- _Problem to work on_
Output every record word for word.

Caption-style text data
☆ ☆ ☆
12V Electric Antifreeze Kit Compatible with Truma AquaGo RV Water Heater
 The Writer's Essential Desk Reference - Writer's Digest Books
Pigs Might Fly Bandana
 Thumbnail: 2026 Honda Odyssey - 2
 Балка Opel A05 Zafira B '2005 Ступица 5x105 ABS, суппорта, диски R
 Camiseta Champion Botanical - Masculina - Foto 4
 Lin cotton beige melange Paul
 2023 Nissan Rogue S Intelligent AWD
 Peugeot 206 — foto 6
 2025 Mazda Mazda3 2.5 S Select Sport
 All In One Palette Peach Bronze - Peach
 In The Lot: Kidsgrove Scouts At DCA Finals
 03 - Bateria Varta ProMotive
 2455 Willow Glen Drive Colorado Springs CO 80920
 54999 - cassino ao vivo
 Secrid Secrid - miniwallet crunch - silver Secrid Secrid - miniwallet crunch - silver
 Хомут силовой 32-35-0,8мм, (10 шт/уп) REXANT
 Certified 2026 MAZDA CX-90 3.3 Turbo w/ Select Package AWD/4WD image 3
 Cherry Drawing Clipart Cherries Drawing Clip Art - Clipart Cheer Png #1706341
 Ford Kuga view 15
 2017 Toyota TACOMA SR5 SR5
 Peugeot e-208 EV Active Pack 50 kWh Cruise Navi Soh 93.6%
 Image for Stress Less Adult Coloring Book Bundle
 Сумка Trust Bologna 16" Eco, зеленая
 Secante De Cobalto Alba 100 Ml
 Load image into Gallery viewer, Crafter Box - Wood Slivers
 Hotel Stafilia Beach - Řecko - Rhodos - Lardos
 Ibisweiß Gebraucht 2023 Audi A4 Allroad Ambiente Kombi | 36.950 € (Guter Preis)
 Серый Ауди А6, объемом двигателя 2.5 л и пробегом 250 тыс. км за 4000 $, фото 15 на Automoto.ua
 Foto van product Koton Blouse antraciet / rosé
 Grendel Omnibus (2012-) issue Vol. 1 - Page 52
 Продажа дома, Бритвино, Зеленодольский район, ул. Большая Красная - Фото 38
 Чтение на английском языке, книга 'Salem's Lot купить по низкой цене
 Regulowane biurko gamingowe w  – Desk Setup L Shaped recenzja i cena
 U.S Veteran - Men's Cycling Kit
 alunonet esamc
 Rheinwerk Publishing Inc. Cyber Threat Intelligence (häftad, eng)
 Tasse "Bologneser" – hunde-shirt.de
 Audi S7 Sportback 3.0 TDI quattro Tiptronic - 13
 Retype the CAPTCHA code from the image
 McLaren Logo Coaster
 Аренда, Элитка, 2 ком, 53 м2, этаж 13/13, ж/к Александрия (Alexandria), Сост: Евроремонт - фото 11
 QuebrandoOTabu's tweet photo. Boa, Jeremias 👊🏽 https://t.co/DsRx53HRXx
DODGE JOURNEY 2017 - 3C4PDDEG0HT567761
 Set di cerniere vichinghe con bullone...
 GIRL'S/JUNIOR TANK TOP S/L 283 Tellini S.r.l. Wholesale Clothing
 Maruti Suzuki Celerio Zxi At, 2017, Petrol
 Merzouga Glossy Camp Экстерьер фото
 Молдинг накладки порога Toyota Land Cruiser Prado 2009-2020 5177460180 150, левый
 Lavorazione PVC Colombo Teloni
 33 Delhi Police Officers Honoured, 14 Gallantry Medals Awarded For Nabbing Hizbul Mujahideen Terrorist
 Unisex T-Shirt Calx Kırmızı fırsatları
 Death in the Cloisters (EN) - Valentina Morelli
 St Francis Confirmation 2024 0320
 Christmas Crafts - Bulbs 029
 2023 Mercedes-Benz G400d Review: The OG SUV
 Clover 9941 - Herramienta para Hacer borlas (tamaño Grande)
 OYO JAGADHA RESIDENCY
☆ ☆ ☆
- _Written answer_
12V Electric Antifreeze Kit Compatible with Truma AquaGo RV Water Heater
 The Writer's Essential Desk Reference - Writer's Digest Books
Pigs Might Fly Bandana
 Thumbnail: 2026 Honda Odyssey - 2
 Балка Opel A05 Zafira B '2005 Ступица 5x105 ABS, суппорта, диски R
 Camiseta Champion Botanical - Masculina - Foto 4
 Lin cotton beige melange Paul
 2023 Nissan Rogue S Intelligent AWD
 Peugeot 206 — foto 6
 2025 Mazda Mazda3 2.5 S Select Sport
 All In One Palette Peach Bronze - Peach
 In The Lot: Kidsgrove Scouts At DCA Finals
 03 - Bateria Varta ProMotive
 2455 Willow Glen Drive Colorado Springs CO 80920
 54999 - cassino ao vivo
 Secrid Secrid - miniwallet crunch - silver Secrid Secrid - miniwallet crunch - silver
 Хомут силовой 32-35-0,8мм, (10 шт/уп) REXANT
 Certified 2026 MAZDA CX-90 3.3 Turbo w/ Select Package AWD/4WD image 3
 Cherry Drawing Clipart Cherries Drawing Clip Art - Clipart Cheer Png #1706341
 Ford Kuga view 15
 2017 Toyota TACOMA SR5 SR5
 Peugeot e-208 EV Active Pack 50 kWh Cruise Navi Soh 93.6%
 Image for Stress Less Adult Coloring Book Bundle
 Сумка Trust Bologna 16" Eco, зеленая
 Secante De Cobalto Alba 100 Ml
 Load image into Gallery viewer, Crafter Box - Wood Slivers
 Hotel Stafilia Beach - Řecko - Rhodos - Lardos
 Ibisweiß Gebraucht 2023 Audi A4 Allroad Ambiente Kombi | 36.950 € (Guter Preis)
 Серый Ауди А6, объемом двигателя 2.5 л и пробегом 250 тыс. км за 4000 $, фото 15 на Automoto.ua
 Foto van product Koton Blouse antraciet / rosé
 Grendel Omnibus (2012-) issue Vol. 1 - Page 52
 Продажа дома, Бритвино, Зеленодольский район, ул. Большая Красная - Фото 38
 Чтение на английском языке, книга 'Salem's Lot купить по низкой цене
 Regulowane biurko gamingowe w  – Desk Setup L Shaped recenzja i cena
 U.S Veteran - Men's Cycling Kit
 alunonet esamc
 Rheinwerk Publishing Inc. Cyber Threat Intelligence (häftad, eng)
 Tasse "Bologneser" – hunde-shirt.de
 Audi S7 Sportback 3.0 TDI quattro Tiptronic - 13
 Retype the CAPTCHA code from the image
 McLaren Logo Coaster
 Аренда, Элитка, 2 ком, 53 м2, этаж 13/13, ж/к Александрия (Alexandria), Сост: Евроремонт - фото 11
 QuebrandoOTabu's tweet photo. Boa, Jeremias 👊🏽 https://t.co/DsRx53HRXx
DODGE JOURNEY 2017 - 3C4PDDEG0HT567761
 Set di cerniere vichinghe con bullone...
 GIRL'S/JUNIOR TANK TOP S/L 283 Tellini S.r.l. Wholesale Clothing
 Maruti Suzuki Celerio Zxi At, 2017, Petrol
 Merzouga Glossy Camp Экстерьер фото
 Молдинг накладки порога Toyota Land Cruiser Prado 2009-2020 5177460180 150, левый
 Lavorazione PVC Colombo Teloni
 33 Delhi Police Officers Honoured, 14 Gallantry Medals Awarded For Nabbing Hizbul Mujahideen Terrorist
 Unisex T-Shirt Calx Kırmızı fırsatları
 Death in the Cloisters (EN) - Valentina Morelli
 St Francis Confirmation 2024 0320
 Christmas Crafts - Bulbs 029
 2023 Mercedes-Benz G400d Review: The OG SUV
 Clover 9941 - Herramienta para Hacer borlas (tamaño Grande)
 OYO JAGADHA RESIDENCY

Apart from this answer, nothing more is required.